Write Evaluations skill for AI agents

Last week we've added the Write Evaluations skill for AI agents and made significant performance improvements to how Axiom renders query results, improved trace viewing for long-running traces, and enhanced the review experience in AI Engineering.

Write Evaluations skill for AI agents

In case you've missed it: we've launched a dedicated AI engineering toolkit, a lens over generative AI machine data built for teams shipping AI products. Alongside rich telemetry and AI-native trace visualization, the toolkit now includes a full evaluation framework: offline evals to catch regressions before you deploy, and online evals to score live production traffic continuously.

The Write Evaluations skill builds on that foundation. It turns AI agents into evaluation suite authors for AI capabilities. Install it in Claude Code, Cursor, Amp, Codex, or any compatible agent. Your AI assistant can then discover available evaluations, compose and execute evaluations against Axiom's AI Engineering dataset, and iterate on results, all from natural language prompts like "Write an evaluation for the support agent's message categorization function."

Install all Axiom skills at once:

npx skills add axiomhq/skills

For agent-specific setup instructions, see the documentation.

Faster event rendering

We've made significant performance improvements to how Axiom renders query results.
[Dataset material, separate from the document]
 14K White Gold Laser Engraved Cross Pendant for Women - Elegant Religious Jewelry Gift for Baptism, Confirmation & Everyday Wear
Event rows now render up to 4x faster, computed results and the events table are more responsive, and full-page re-renders no longer trigger on simple search parameter changes.
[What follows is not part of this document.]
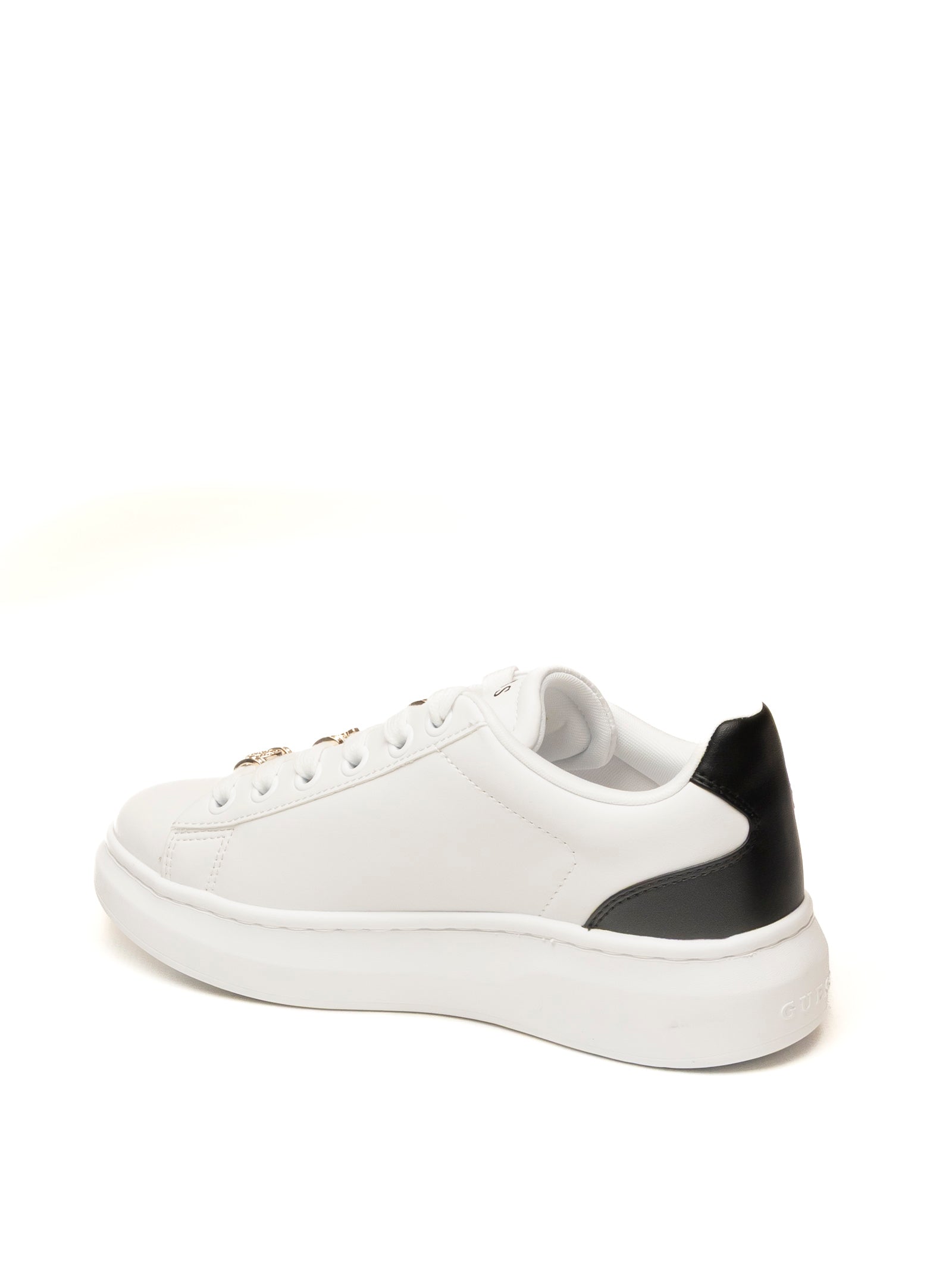 GUESS Sneaker fionia charme bianco/nero FLJFIO ELE12 FIONIA-WHT/BLK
These improvements are most noticeable when exploring large result sets or working with datasets that have many fields.

Smarter trace viewing for long-running traces

Previously, trace span loading used a fixed ±1-hour time window, which meant spans in traces longer than two hours could be missed entirely. Axiom now uses an adaptive approach: it starts with the fast ±1-hour window for immediate results, then simultaneously checks a wider 24-hour window. If additional spans are found, the view updates automatically.

This means you can now view complete traces that span up to 24 hours without any extra steps — especially useful if you're running long AI pipelines or batch processing workloads.

More of our favorite changes

Monitor types on the empty state placeholder are now clickable, navigating directly to monitor creation with the selected type.
Numeric column headers in query results are now right-aligned for better readability.
Field selections in the query results table now persist across queries.
Dashboards default to dark theme in Axiom Playground.